Computational Biology Unit, Department of Informatics, University of Bergen, Bergen, 5020, Norway.
VIB-UGent Center for Medical Biotechnology, B-9000, Ghent, Belgium.
BMC Biol. 2017 Aug 30;15(1):76. doi: 10.1186/s12915-017-0416-0.
While methods for annotation of genes are increasingly reliable, the exact identification of translation initiation sites remains a challenging problem. Since the N-termini of proteins often contain regulatory and targeting information, developing a robust method for start site identification is crucial. Ribosome profiling reads show distinct patterns of read length distributions around translation initiation sites.
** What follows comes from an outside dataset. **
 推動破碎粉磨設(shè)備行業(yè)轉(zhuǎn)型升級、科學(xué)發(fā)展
These patterns are typically lost in standard ribosome profiling analysis pipelines, when reads from footprints are adjusted to determine the specific codon being translated.
Utilising these signatures in combination with nucleotide sequence information, we build a model capable of predicting translation initiation sites and demonstrate its high accuracy using N-terminal proteomics. Applying this to prokaryotic translatomes, we re-annotate translation initiation sites and provide evidence of N-terminal truncations and extensions of previously annotated coding sequences. These re-annotations are supported by the presence of structural and sequence-based features next to N-terminal peptide evidence. Finally, our model identifies 61 novel genes previously undiscovered in the Salmonella enterica genome.
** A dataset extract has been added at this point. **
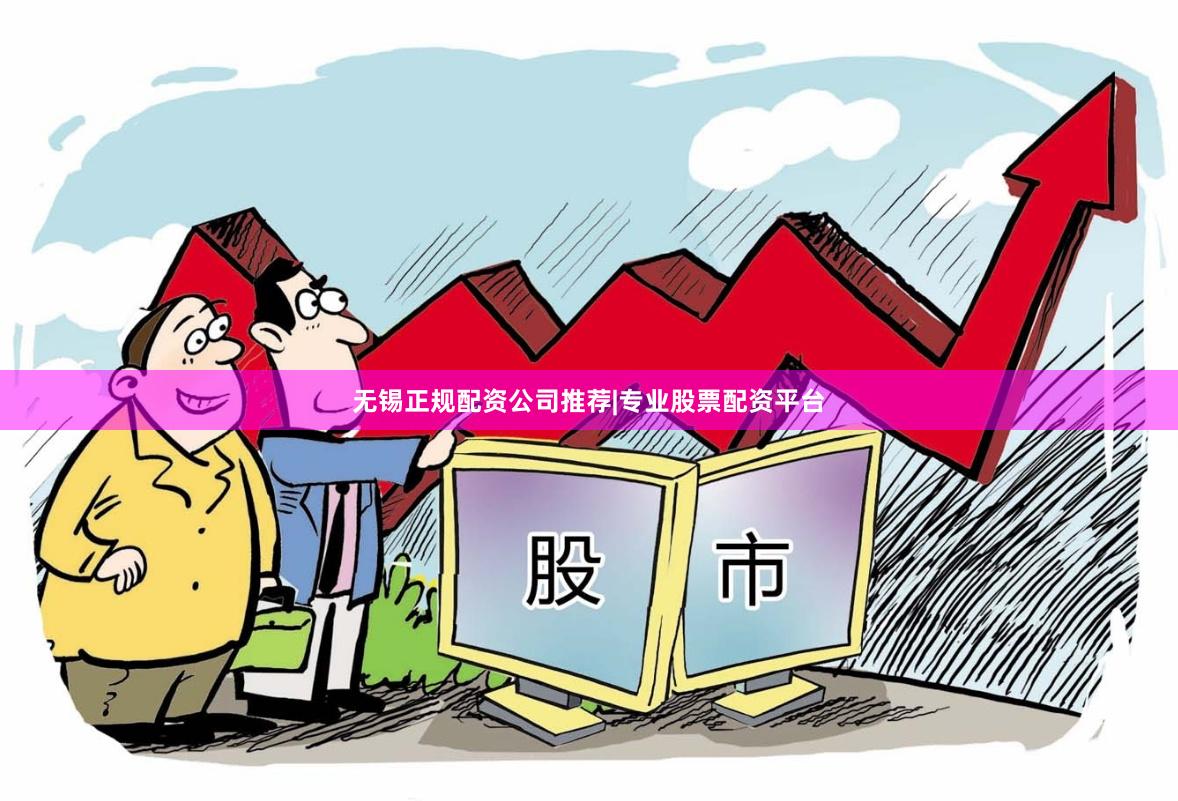 无锡正规配资公司推荐|专业股票配资平台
Signatures within ribosome profiling read length distributions can be used in combination with nucleotide sequence information to provide accurate genome-wide identification of translation initiation sites.
虽然基因注释的方法越来越可靠,但准确识别翻译起始位点仍然是一个具有挑战性的问题。由于蛋白质的 N 端通常包含调节和靶向信息,因此开发一种稳健的起始位点识别方法至关重要。核糖体图谱读取显示了在翻译起始位点周围的读取长度分布的独特模式。当从足迹中读取的内容被调整以确定正在翻译的特定密码子时,这些模式通常会在标准核糖体图谱分析管道中丢失。
我们利用这些特征与核苷酸序列信息相结合,构建了一个能够预测翻译起始位点的模型,并通过 N 端蛋白质组学证明了其高精度。将其应用于原核翻译组学,我们重新注释了翻译起始位点,并提供了先前注释的编码序列的 N 端截断和延伸的证据。这些重新注释得到了 N 端肽证据旁边的结构和基于序列的特征的支持。最后,我们的模型确定了沙门氏菌 enterica 基因组中以前未发现的 61 个新基因。
核糖体图谱读取长度分布中的特征可与核苷酸序列信息结合使用,以提供翻译起始位点的全基因组准确识别。